Terns - Farne Islands 2013
So, we're all familiar with the next bit aren't we - rip open the envelope, glance across at the "total due" figure and Whooomph! Your heart sinks into your boots with the shock of it. Even on a month when we know we've had some spendiness, the shock of the amount seen in one lump like that still has the power to make us think "aargh" - but whether that sinking feeling lasts or not depends entirely on how you deal with it from there. In years gone by we would have consoled ourselves that the Direct debit was set to take the minimum repayment in any case, and we could worry about the remainder of the bill over a few months. It would have been "out of sight, out of mind" for a while, at least. Thankfully, we've seen the light, and a more proactive approach gets taken these days.

When the bill arrives (and we always know to within a few days when that will be - step one is to learn your card's relevant dates - both billing and payment!) the first thing we do is sit down and check through everything. Because we have two cards on the same account, and the card pays cashback on spending, we both put all spending - joint and personal - on the cards where we can, so we check through and make sure that one or the other of us recognises all the transactions listed.

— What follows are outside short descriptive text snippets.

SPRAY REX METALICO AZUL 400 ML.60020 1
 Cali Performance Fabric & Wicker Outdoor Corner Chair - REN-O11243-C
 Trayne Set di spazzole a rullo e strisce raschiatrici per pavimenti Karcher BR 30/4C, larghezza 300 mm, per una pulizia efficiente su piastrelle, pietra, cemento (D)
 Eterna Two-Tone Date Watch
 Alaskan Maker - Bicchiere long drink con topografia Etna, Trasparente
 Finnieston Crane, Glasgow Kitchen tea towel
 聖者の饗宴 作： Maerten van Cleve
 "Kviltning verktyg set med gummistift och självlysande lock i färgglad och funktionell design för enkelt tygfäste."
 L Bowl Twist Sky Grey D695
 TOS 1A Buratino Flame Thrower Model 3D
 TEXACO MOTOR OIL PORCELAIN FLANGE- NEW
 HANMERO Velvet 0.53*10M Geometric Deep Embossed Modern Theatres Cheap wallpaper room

Step two: Are you 100% sure only those people authorised are using the card? Once we're happy that there's nothing unusual on there, we start to break things down. Some spending comes under the habit of "general" and this is accounted for by the money we each automatically transfer over to the joint account each month. So diesel for the cars, Mr EH's train ticket, odds and ends of food shopping etc. Some joint travel also gets accounted for in that way - we each add £10 or £20 to our Oyster cards most months for example. Periodically we add up things like diesel costs for example, so we can keep track of what we spend in those areas on a monthly basis. Step three: Learn what your basic expenditures in an average month will be - that way you come to expect them. 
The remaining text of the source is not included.